AIM OF THE TASK ▸ Would you please transcribe the records below exactly, leaving out the pictures?

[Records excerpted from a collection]
..............................
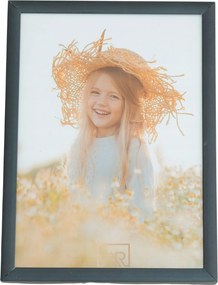 AlumĂnium kĂ©pkeret 30x40 Fekete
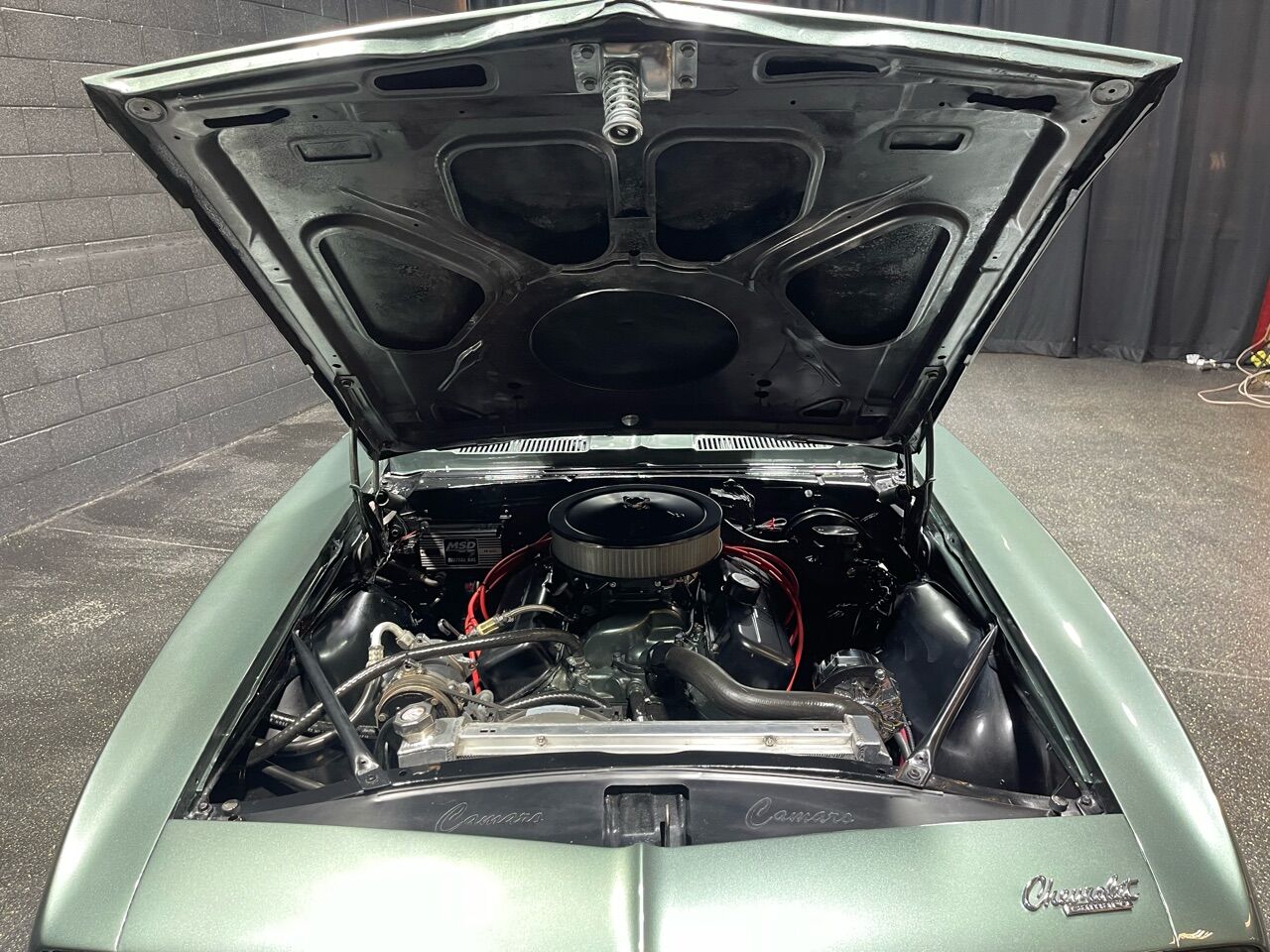 1967 Chevrolet Camaro 55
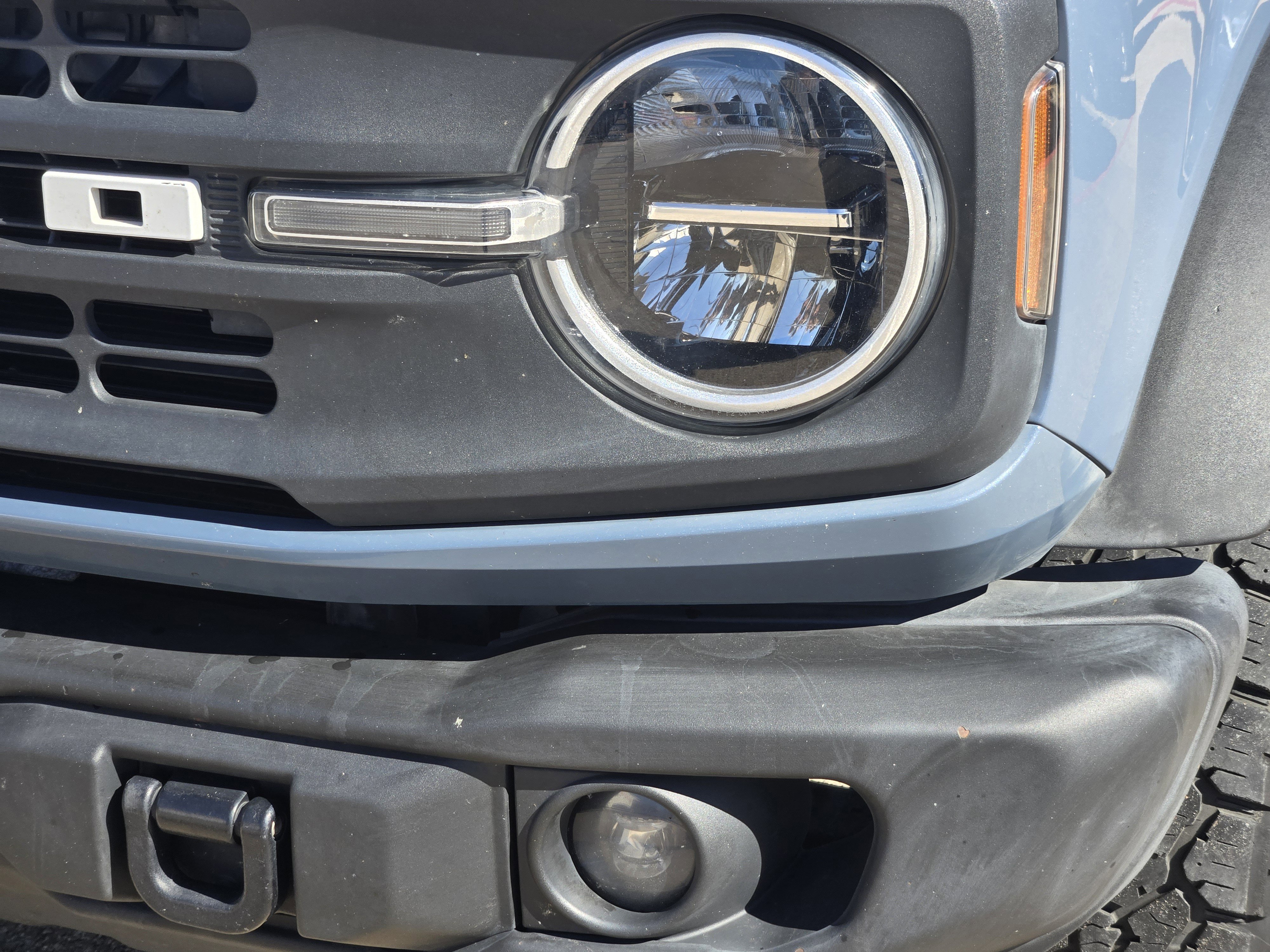 Certified 2023 Ford Bronco Black Diamond image 6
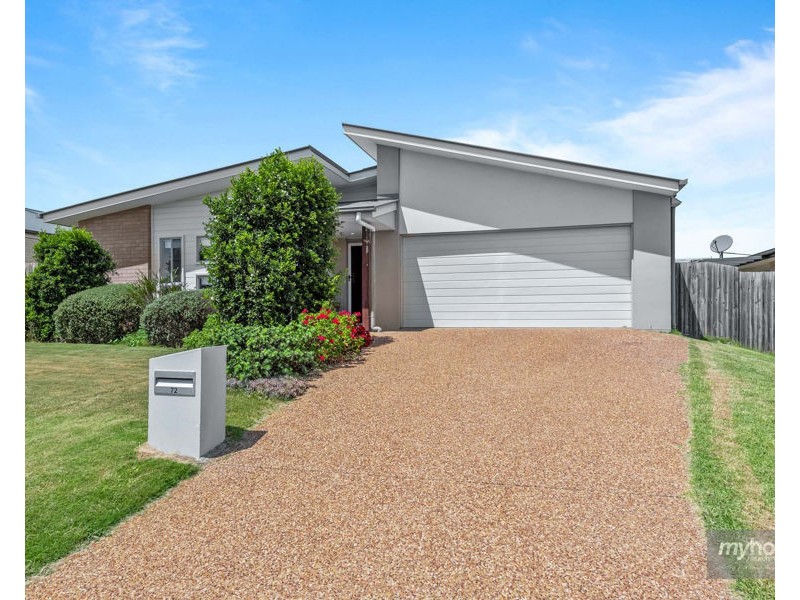 72 Sanctuary Drive, Cranley QLD 4350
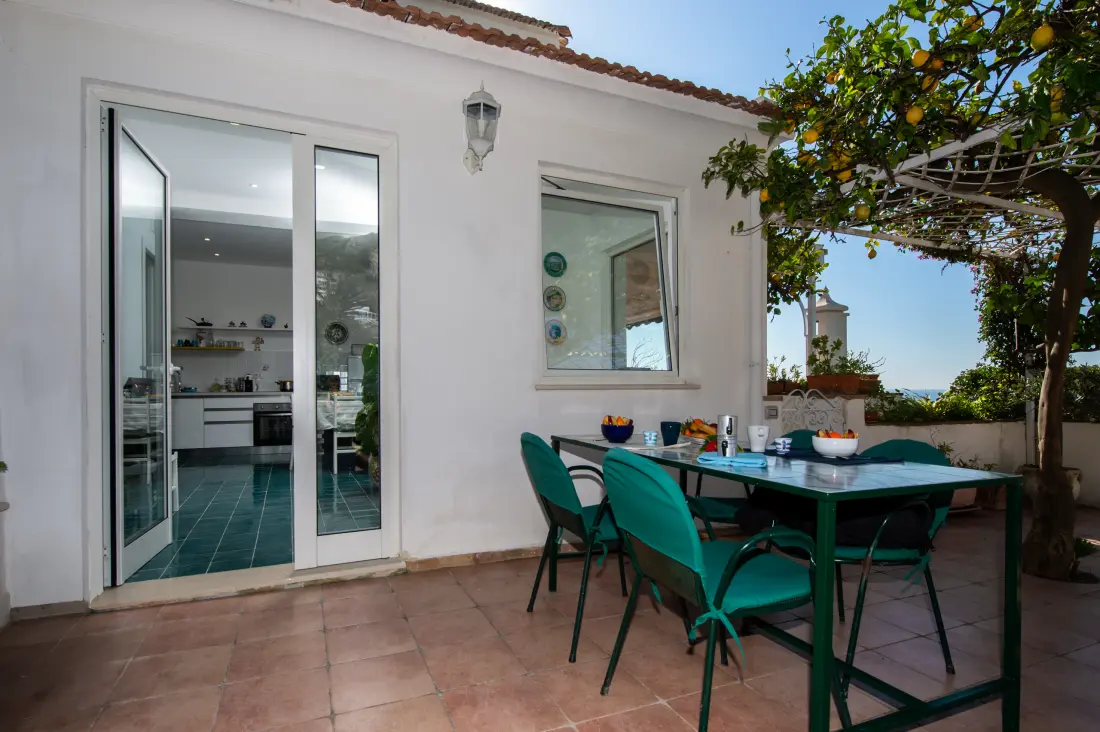 Appartements à Praiano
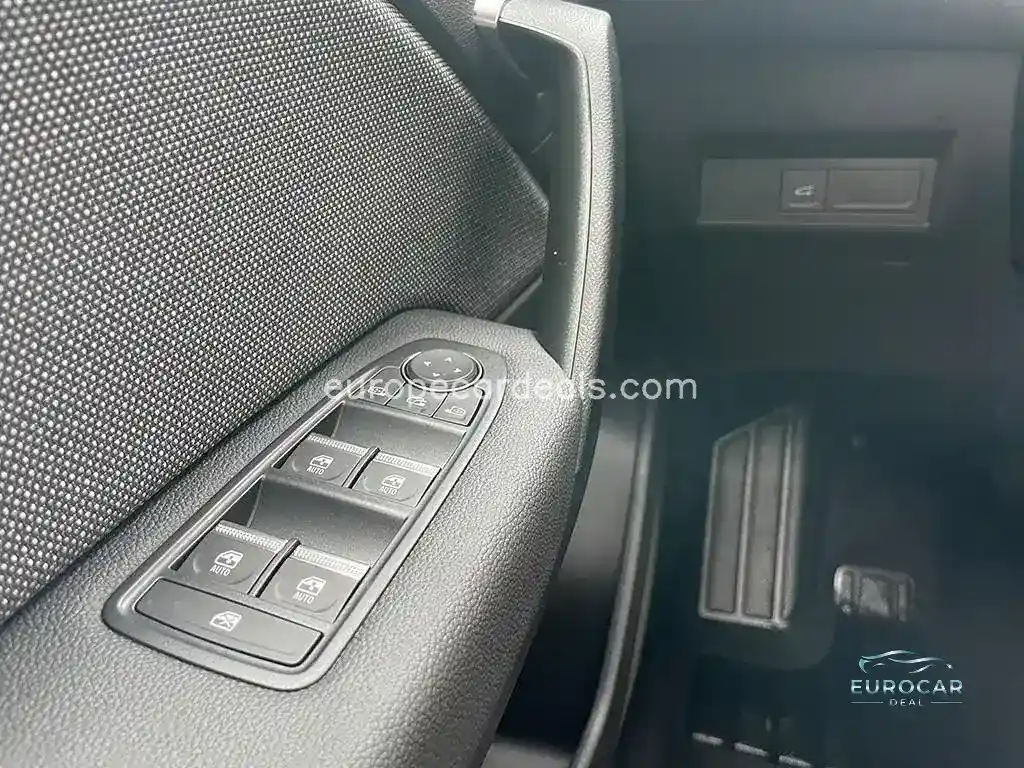 Mitsubishi Grandis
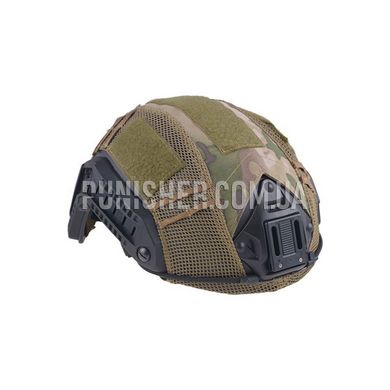 FMA Maritime Helmet Cover, Multicam, Cover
..............................
YOUR SOLUTION ▸
 AlumĂnium kĂ©pkeret 30x40 Fekete
 1967 Chevrolet Camaro 55
 Certified 2023 Ford Bronco Black Diamond image 6
 72 Sanctuary Drive, Cranley QLD 4350
 Appartements à Praiano
 Mitsubishi Grandis
 FMA Maritime Helmet Cover, Multicam, Cover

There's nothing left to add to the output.